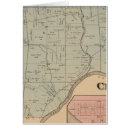 Pesquisar por crosby Ohio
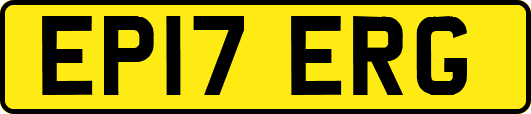 EP17ERG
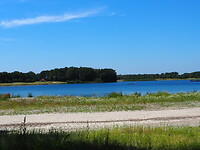 P6225575
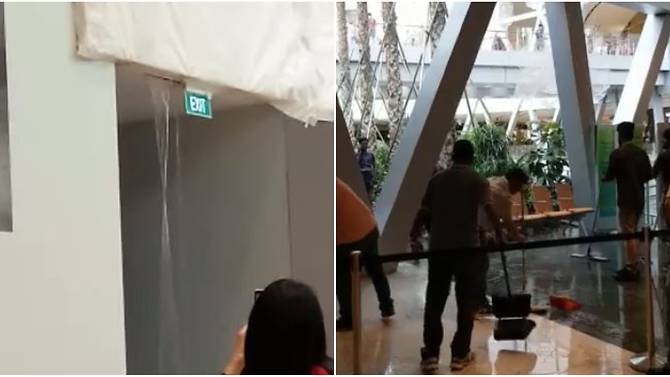 changi-airport-leak.jpg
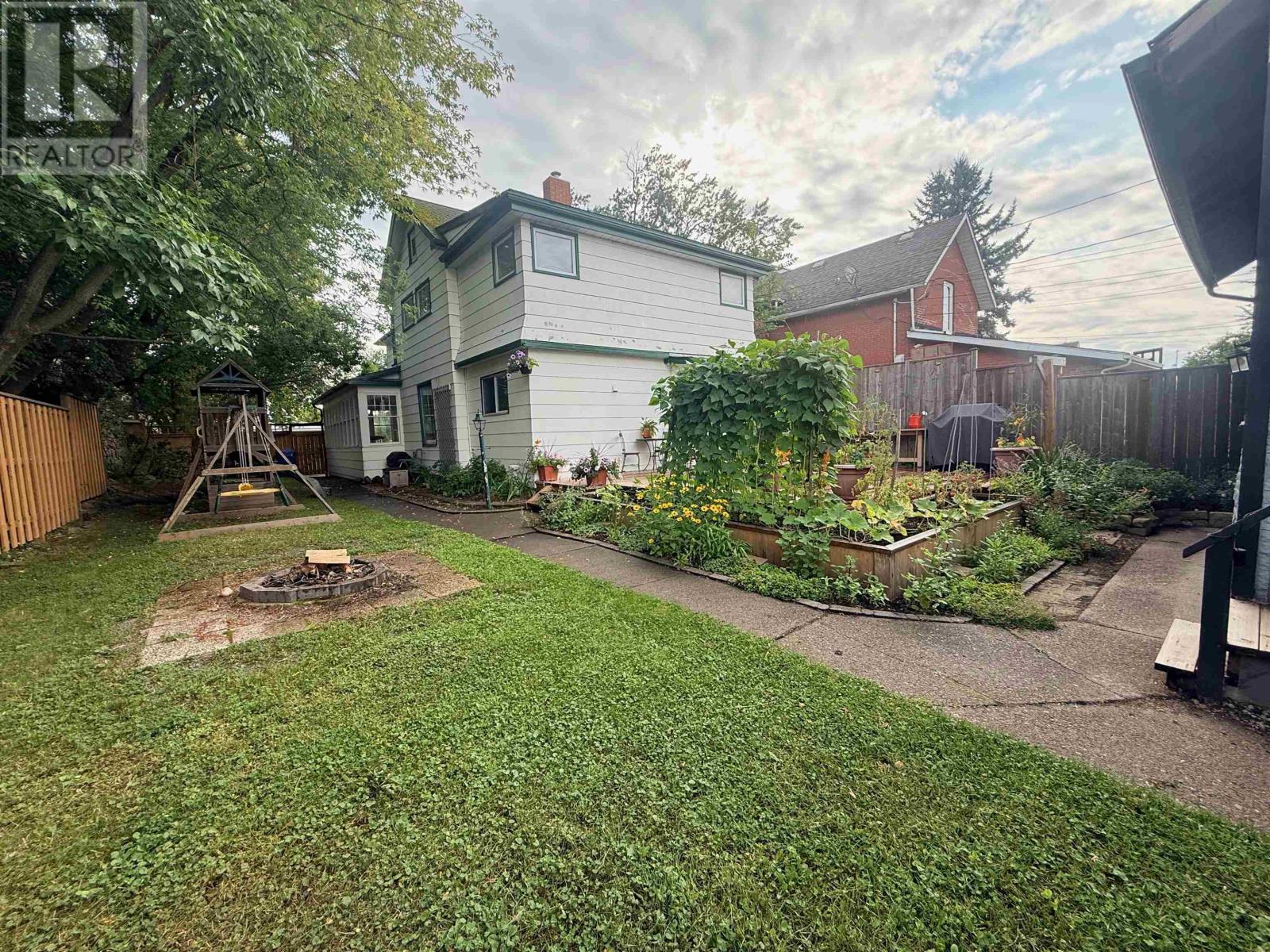 324 Third St S, Kenora, Ontario  P9N 1H9 - Photo 36 - TB2602530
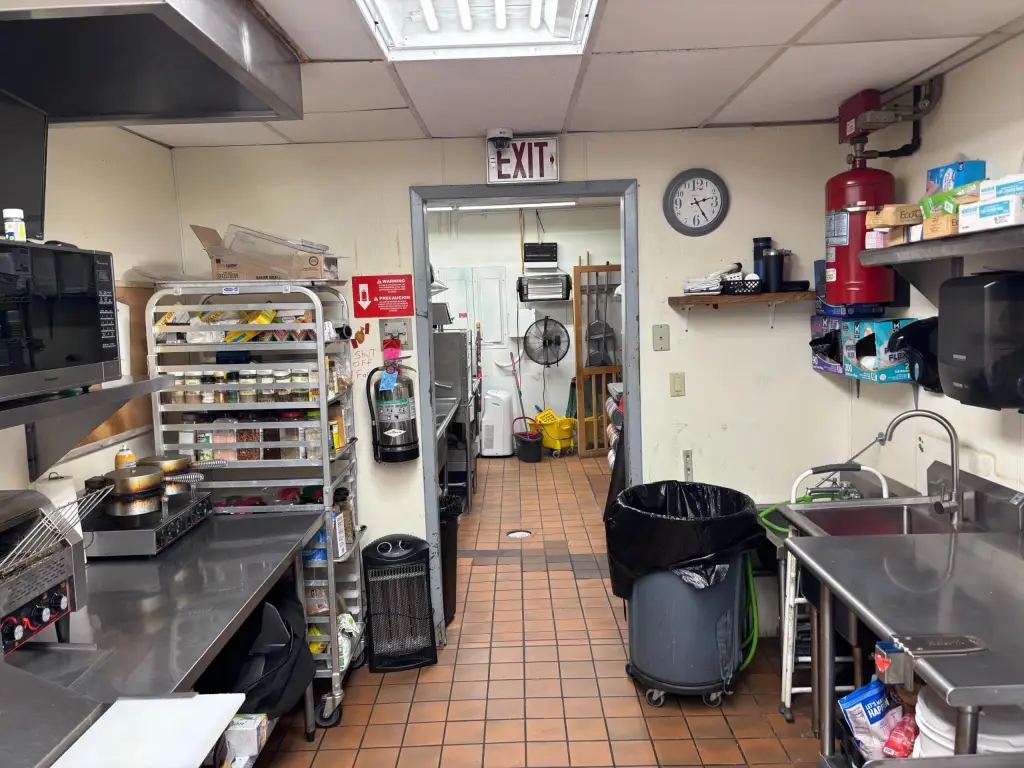 Picture 23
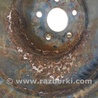 ФОТО Запаска (Докатка, Таблетка) для Nissan Pathfinder R52 Киев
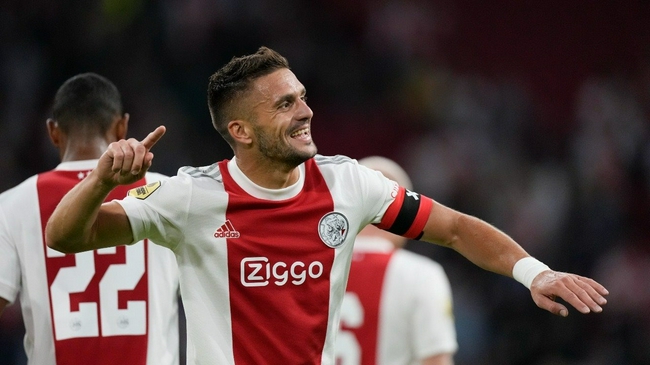 和的性格赢 和的性格赢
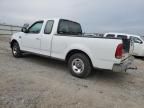 1997 Ford F150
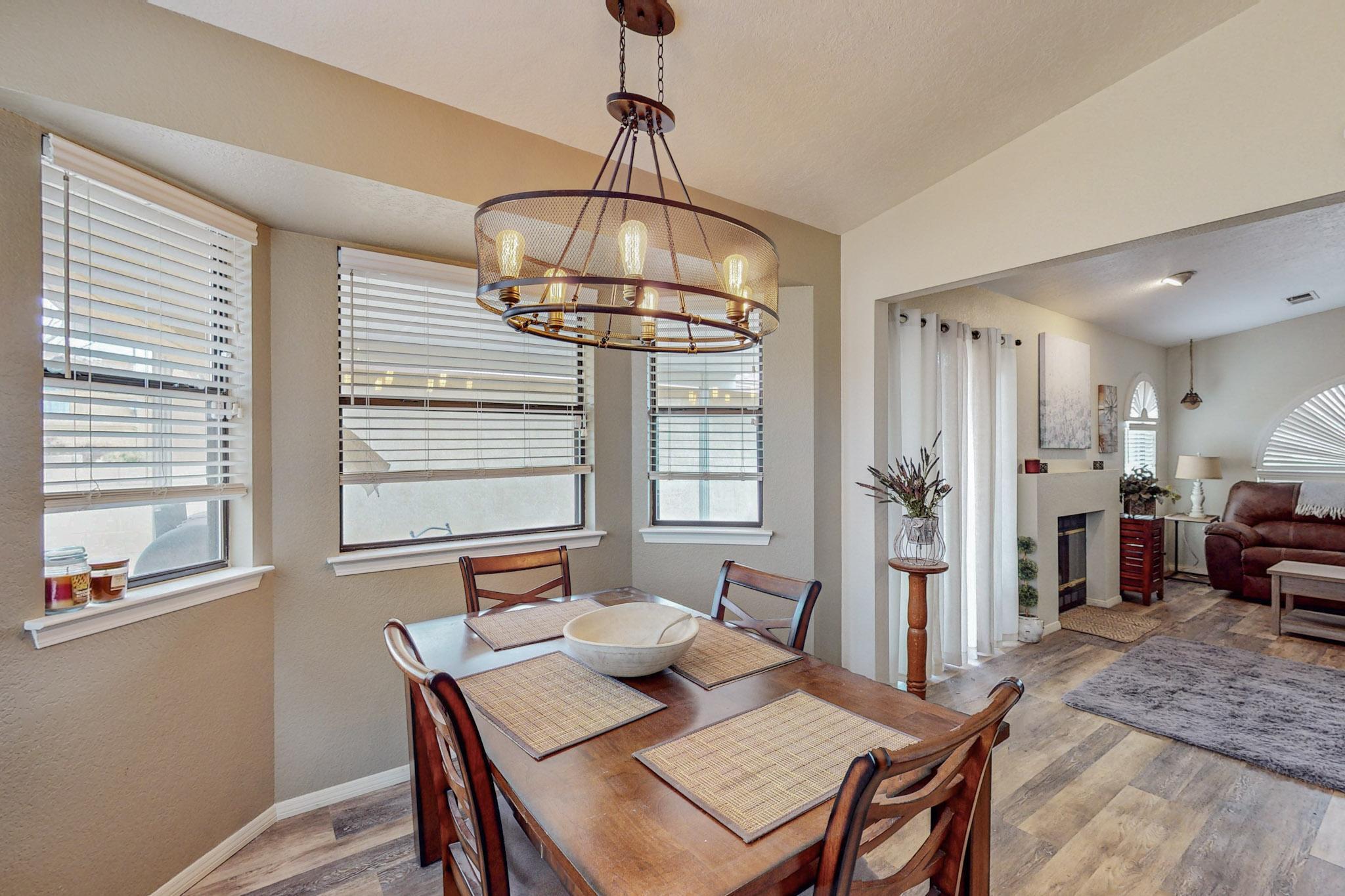 509 Seward Park Avenue NE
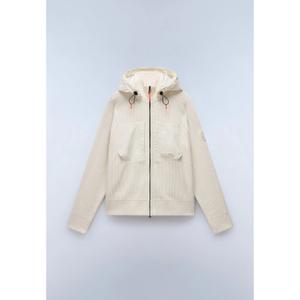 np0a88si-n1j-hooded-jacket-napapijri-a-vanoi-n1j-schemerig-beige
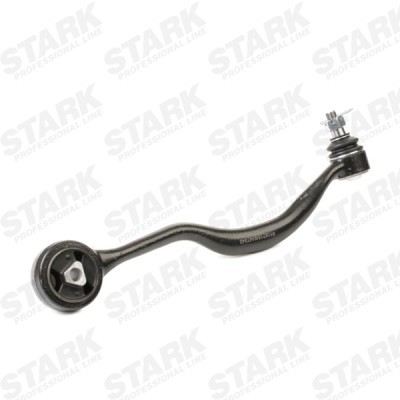 Wahacz Stark SKCA-0050791 SKCA-0050791 - foto 4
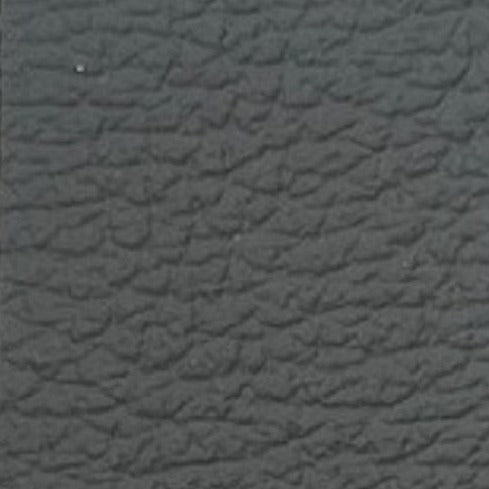 BMW LEATHER NASCA GRAIN 2003-ON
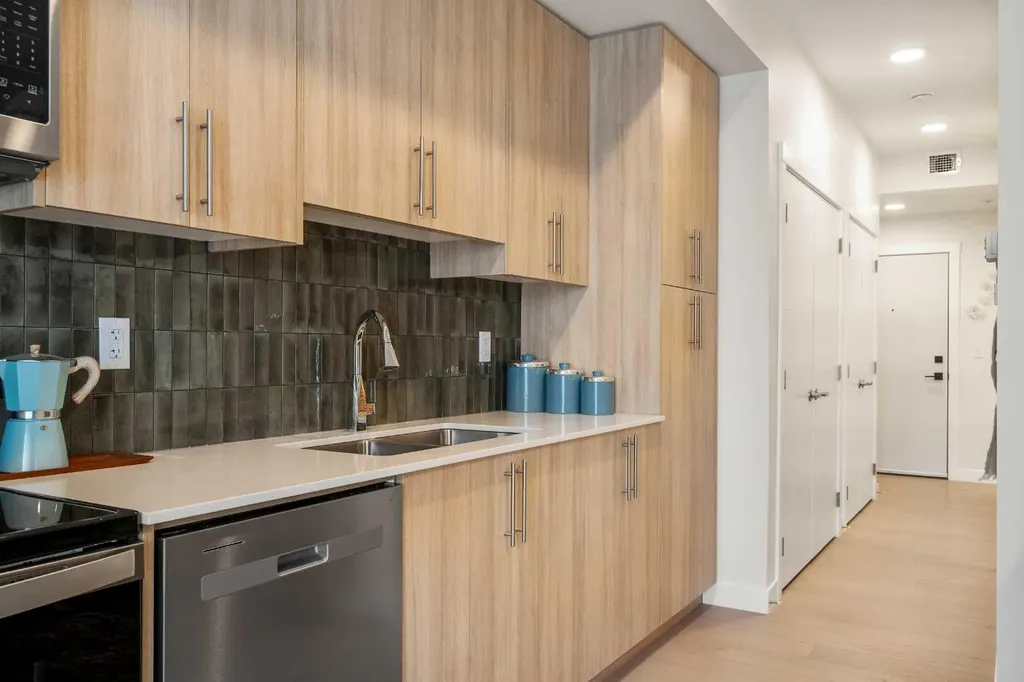 9655 Bowfort Road NW Calgary AB T3B 5X4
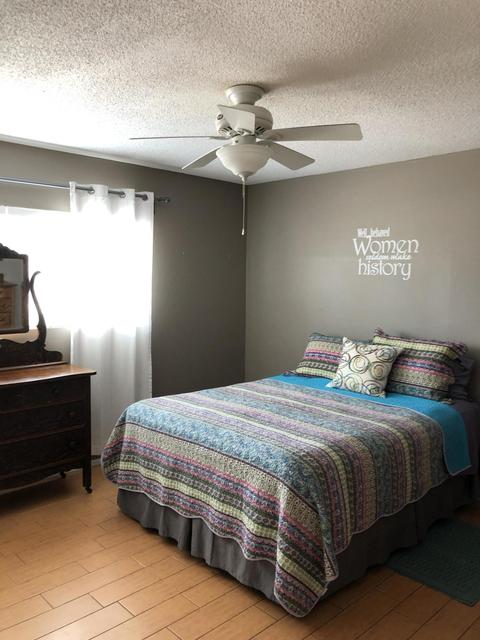 730 S Edgewater Dr, Mesa, AZ 85208 photo 9
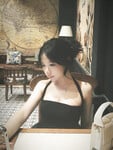 Cực phẩm an giang phần 3( thích em nào bình luận lột đồ em đ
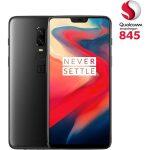 OnePlus 6 128 - Refurbished - Image 6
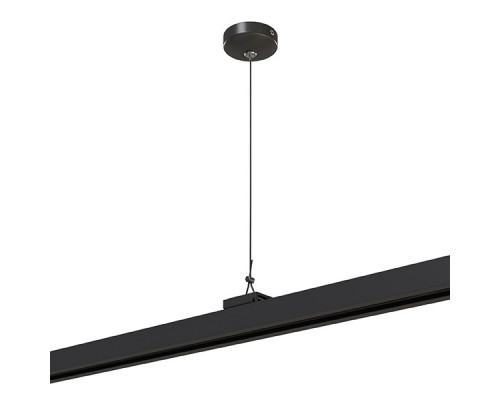 Заказать Подвесной комплект Lightstar 504177| VIVID-LIGHT.RU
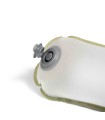 Nash Powerbanx Inflatable Lite
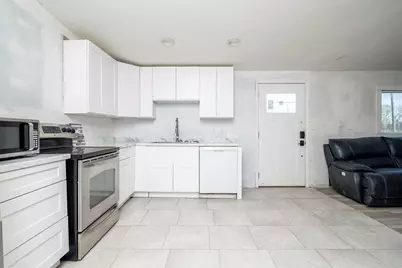 479 Town Street, Circleville, OH 43113 - Photo 9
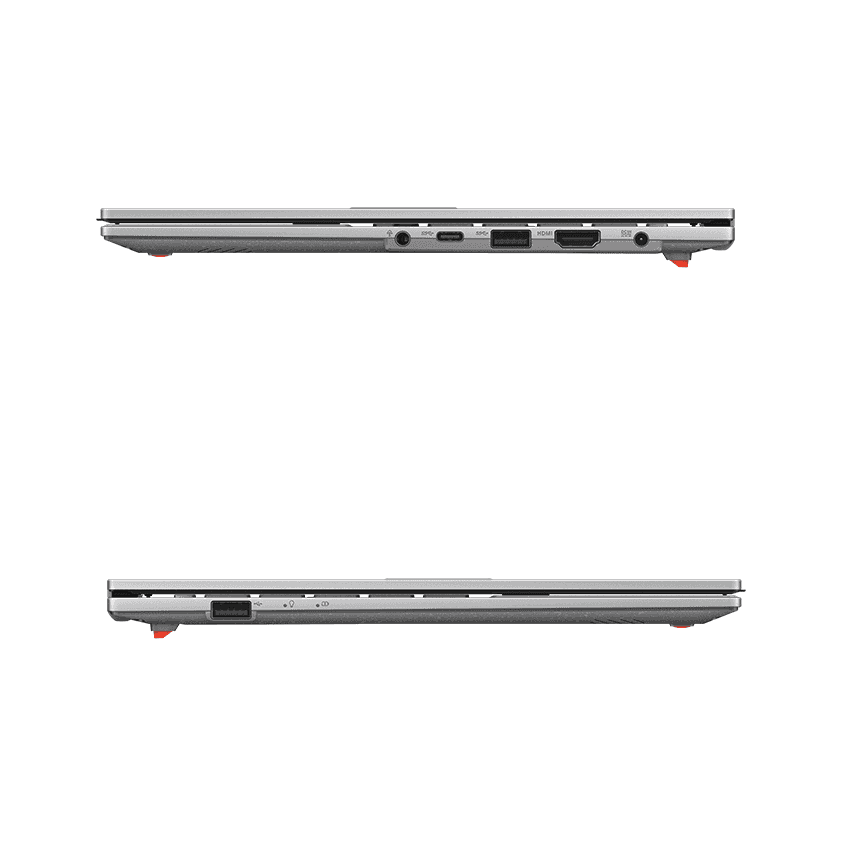 73002_laptop_asus_vivobook_go_e1404fa_12.png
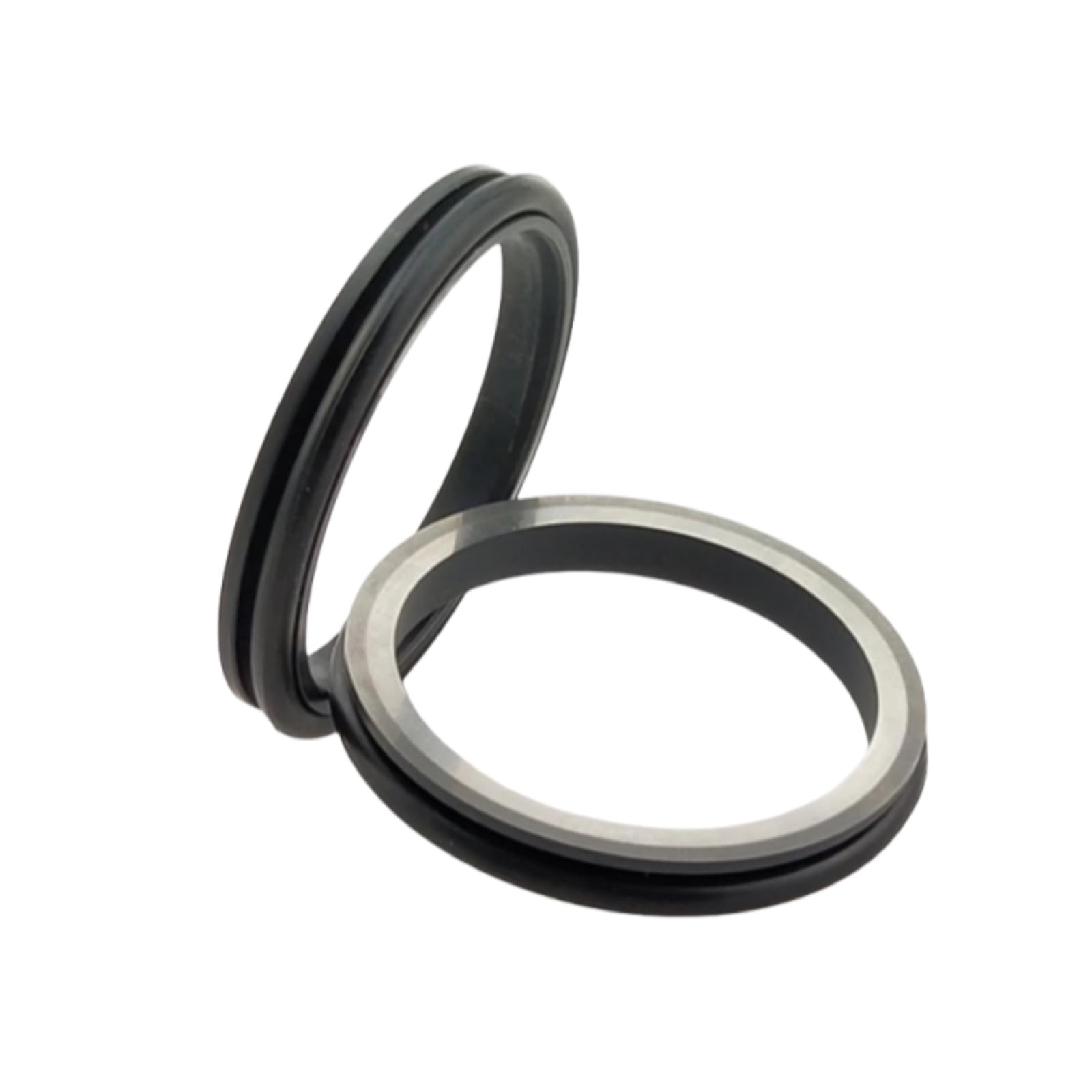 9W6684 Floating Seal Group Fits for Catterpillar Replace parts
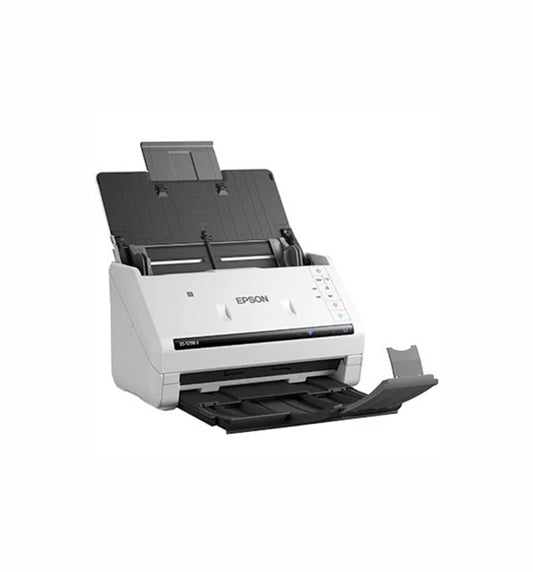 Epson Product Image B11B263202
::::
* [TASK TO COMPLETE]:
No pictures belong in the copy. Repeat the entries exactly.

* [WRITTEN RESPONSE]:
 Pesquisar por crosby Ohio
 EP17ERG
 P6225575
 changi-airport-leak.jpg
 324 Third St S, Kenora, Ontario  P9N 1H9 - Photo 36 - TB2602530
 Picture 23
 ФОТО Запаска (Докатка, Таблетка) для Nissan Pathfinder R52 Киев
 和的性格赢 和的性格赢
 1997 Ford F150
 509 Seward Park Avenue NE
 np0a88si-n1j-hooded-jacket-napapijri-a-vanoi-n1j-schemerig-beige
 Wahacz Stark SKCA-0050791 SKCA-0050791 - foto 4
 BMW LEATHER NASCA GRAIN 2003-ON
 9655 Bowfort Road NW Calgary AB T3B 5X4
 730 S Edgewater Dr, Mesa, AZ 85208 photo 9
 Cực phẩm an giang phần 3( thích em nào bình luận lột đồ em đ
 OnePlus 6 128 - Refurbished - Image 6
 Заказать Подвесной комплект Lightstar 504177| VIVID-LIGHT.RU
 Nash Powerbanx Inflatable Lite
 479 Town Street, Circleville, OH 43113 - Photo 9
 73002_laptop_asus_vivobook_go_e1404fa_12.png
 9W6684 Floating Seal Group Fits for Catterpillar Replace parts
 Epson Product Image B11B263202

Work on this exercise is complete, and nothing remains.